El domingo 20 de julio, justo cuando el presidente Gustavo Petro asistía a una parada militar en Santa Marta, la ciudad fue testigo de una protesta simbólica: afiches y carteles aparecieron en paredes recién restauradas por colectivos ciudadanos. Fue un acto de expresión, sí, pero también dejó un sabor amargo sobre las formas de intervenir el espacio público. Mujeres y hombres del grupo ‘Vamos por Santa Marta’ pidieron respeto al patrimonio urbano y se invitó a quienes critican la historia colonial a hacerlo en foros y conversatorios, sin dañar lo que otros han tratado de reconstruir con sus manos y su tiempo.

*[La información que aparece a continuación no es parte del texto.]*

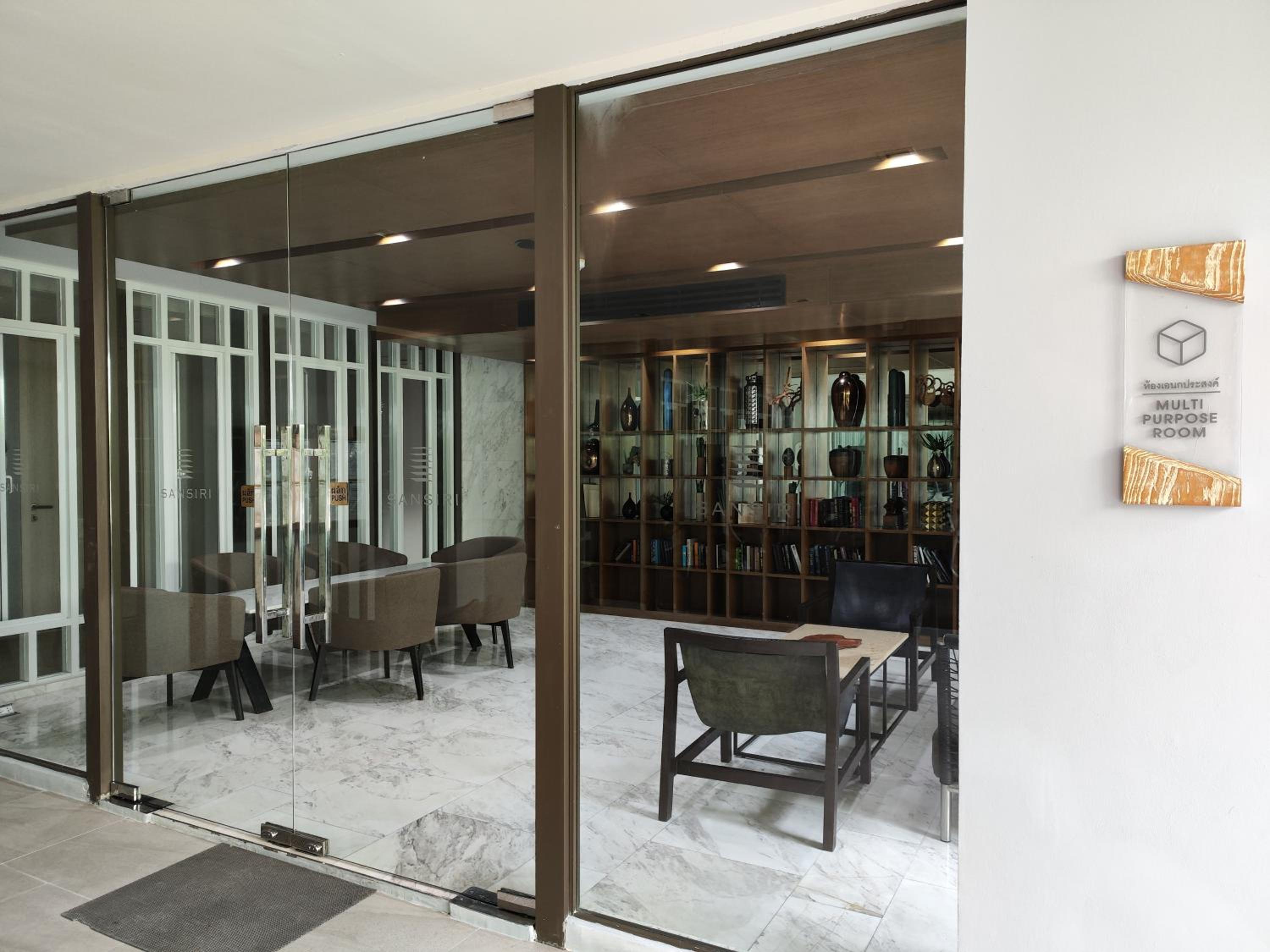4 Floor - The Base Downtown Condominium next to Central Shopping Mall
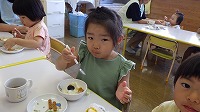 アイスを食べている女の子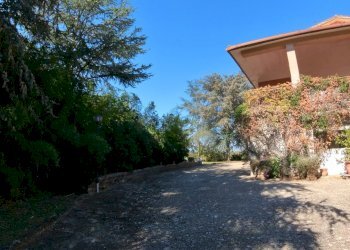 IMG_20251013_124849_10_680_PureShot.jpg - Villa Strada Comunale Campo Maggiore 10, Rignano Flaminio - foto 6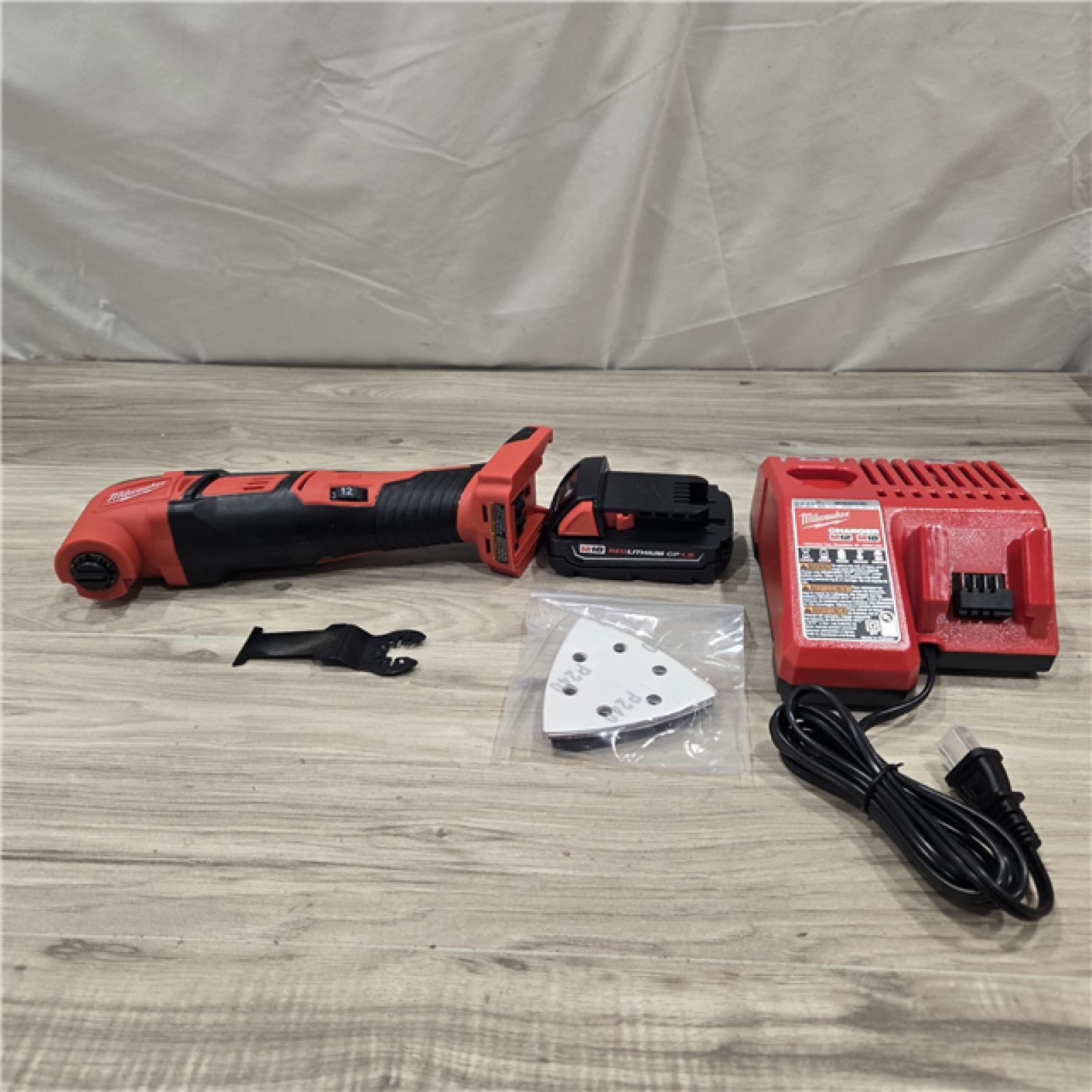 AS-IS Milwaukee 2626-21 M18 18V Cordless Oscillating Multi-Tool Kit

¿Y qué tal si este aniversario 500 no es un punto de llegada, sino de partida? ¿Qué tal si en vez de mirar con nostalgia o exaltación los años dorados del ferrocarril y el banano, se mira hacia adelante y se piensa en una Santa Marta moderna, sostenible, incluyente y ordenada? ¿Qué tal si este momento, entre actos litúrgicos y condecoraciones, se aprovecha para pactar un nuevo trato entre ciudadanía y gobierno, entre sector público y privado, lejos del todo vale, de la corrupción y la desidia?

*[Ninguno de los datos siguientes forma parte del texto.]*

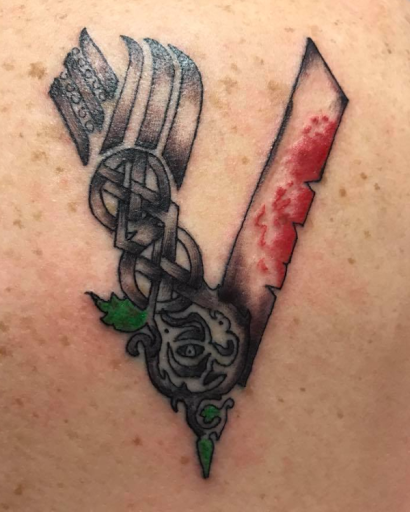 Tattoo Shop «Head 2 Toe Tattoos», reviews and photos, 3008 W Lawrence Ave, Chicago, IL 60625, USA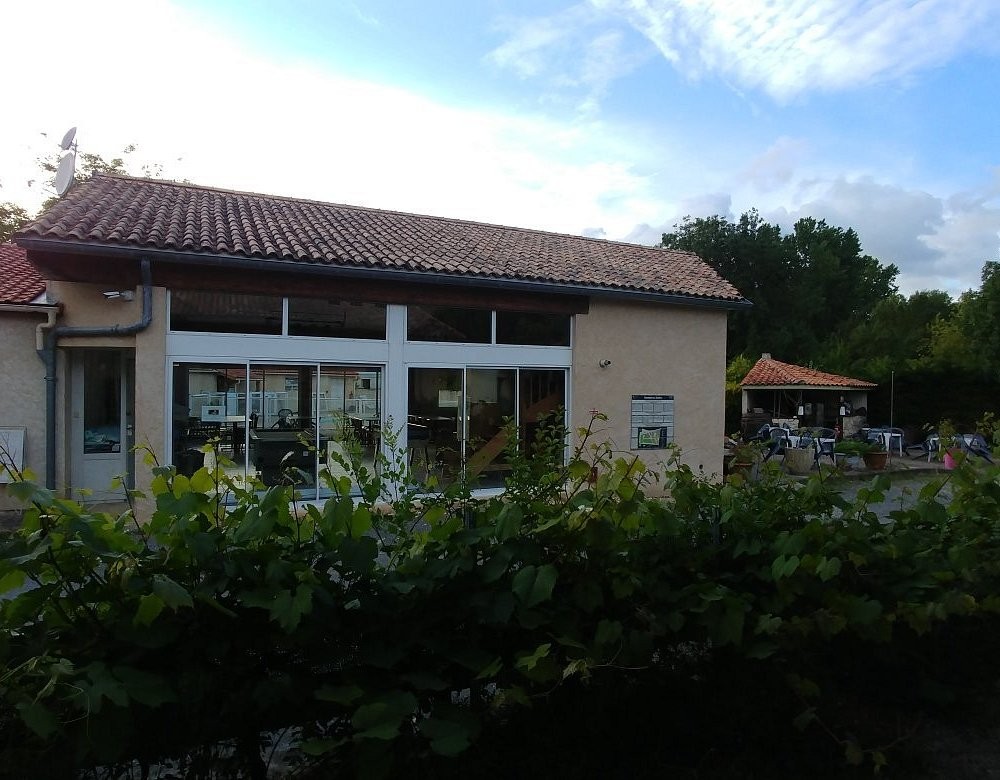 Camping Du Nizour, Camping à Sireuil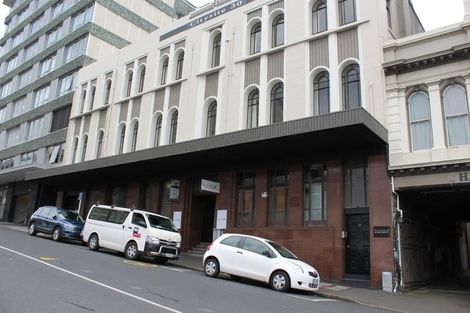 Photo of property in 30 Dowling Street, Dunedin Central, Dunedin, 9016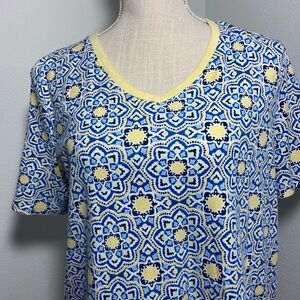 Kim Roger’s Womans Size Large Blue & Yellow Patterned Short Sleeve Top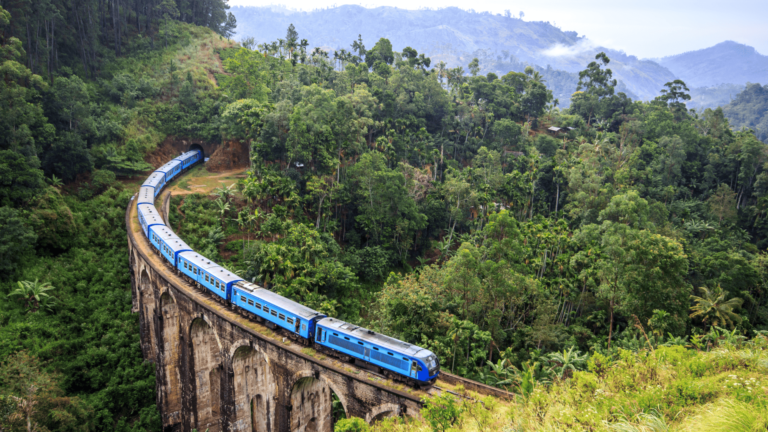 Foto van een trein op de Nine Arch Bridge in Sri Lanka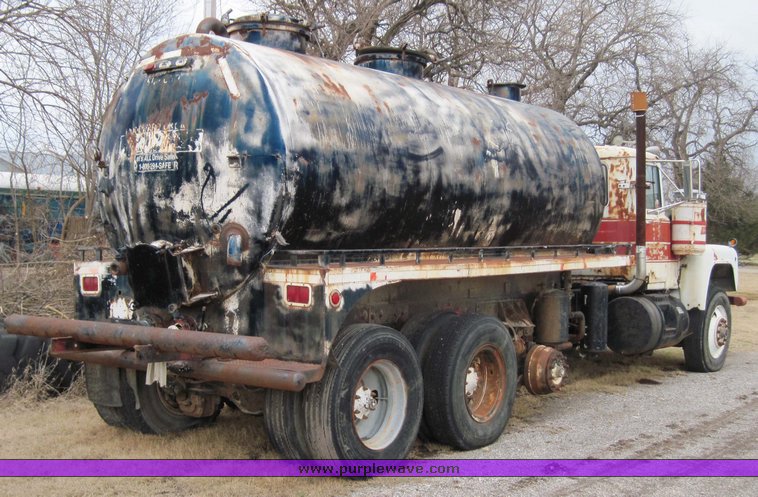 image for item 4586 1982 Mack RD600 water truck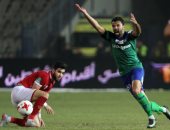 فيديو.. أزارو يهدر فرصة الهدف الثانى للأهلى فى شباك المقاصة بـ"غرابة"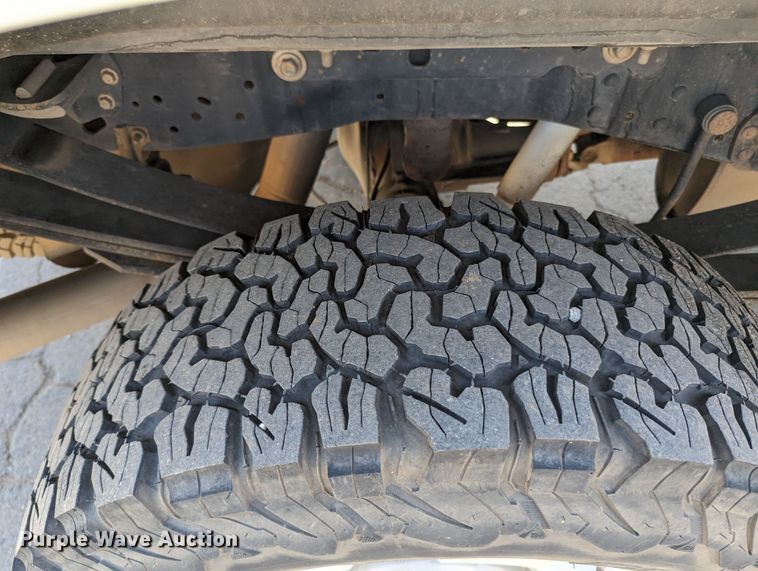 image for item MN9931 2016 Ford F250 Super Duty  Crew Cab pickup truck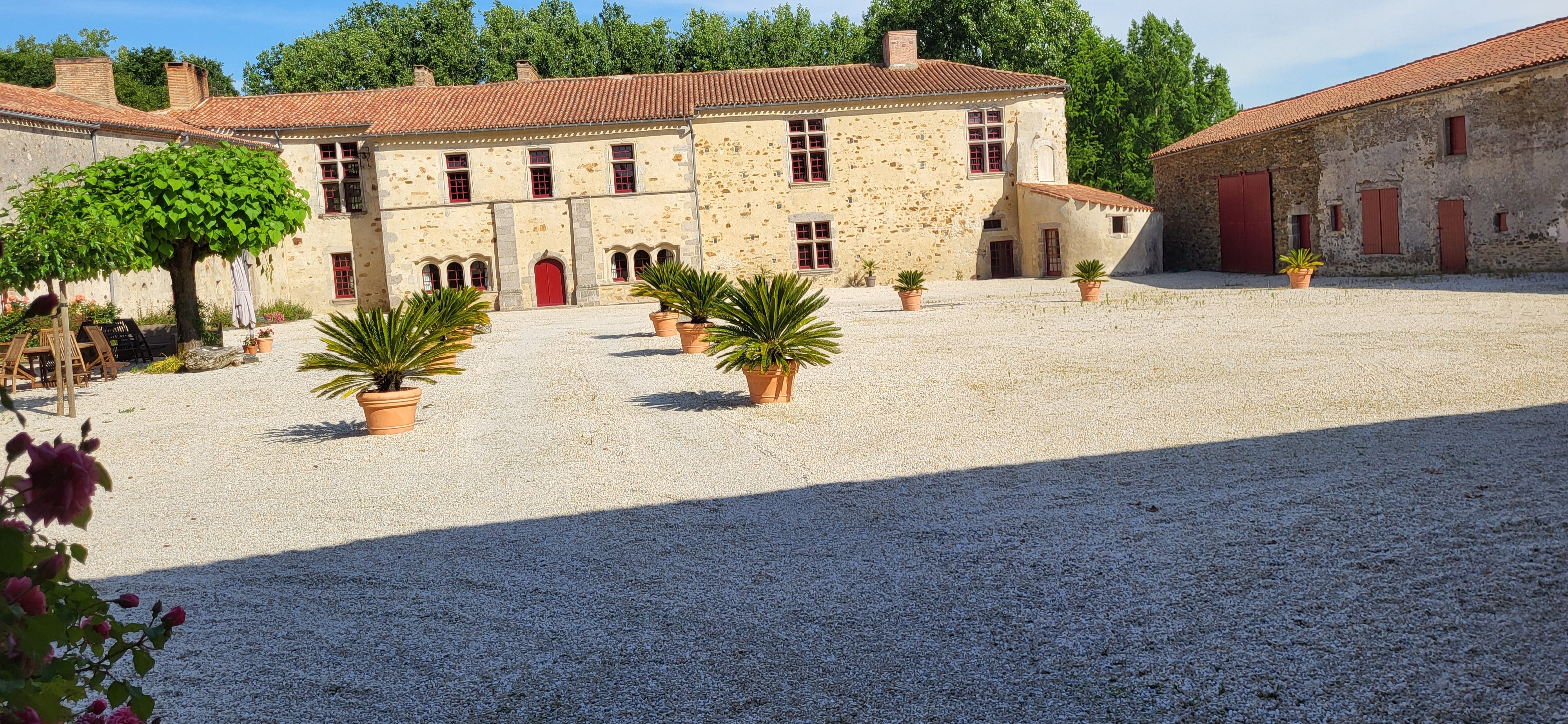 Visite commentée de la cour intérieure ainsi que de la chapelle  du logis du Gué (lieu-dit le Guy) 85150 Sainte Flaive des Loups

La ciudad necesita diálogo, no imposiciones. Hay que decirlo sin rodeos: Santa Marta no puede seguir celebrando su historia si no se compromete la ciudadanía con su porvenir. No más discursos inflados, ni megaproyectos que terminan en maquetas o titulares y, mucho menos, inconformes que no dan la cara. Lo que la ciudad necesita es concertación, trabajo en equipo, transparencia y amor por su futuro. Con sentido común. Y sí, necesita también algo de humor, para no perder el alma en el intento.
Santa Marta tiene todo para hacerlo. Historia, belleza, diversidad. Tiene talento joven, tiene memoria viva, tiene una identidad única en el Caribe. Solo falta ponerle rumbo claro, voluntad real y, sobre todo, aprender a remar en la misma dirección. No se puede esperar otros 500 años para tener la ciudad que se merecen los que ya no estarán, pero sí, ojalá, los que vendrán.
Así que, sí, celebrar. Pero también, reflexionar. Que no gane la nostalgia. Tampoco la agresión sin argumentos. Y menos el jolgorio sin ton ni son. Que todo no se vaya en conciertos y discursos bonitos. Que el aniversario no sea solo un evento, sino el inicio de una transformación. Porque Santa Marta, aún con sus manchas, sigue siendo una ciudad luminosa. Y si quienes la habitan deciden cuidarla con el mismo amor con el que la celebran, entonces sí se podrá decir, con orgullo: esa ciudad única e irrepetible, por fin, se construye desde su gente.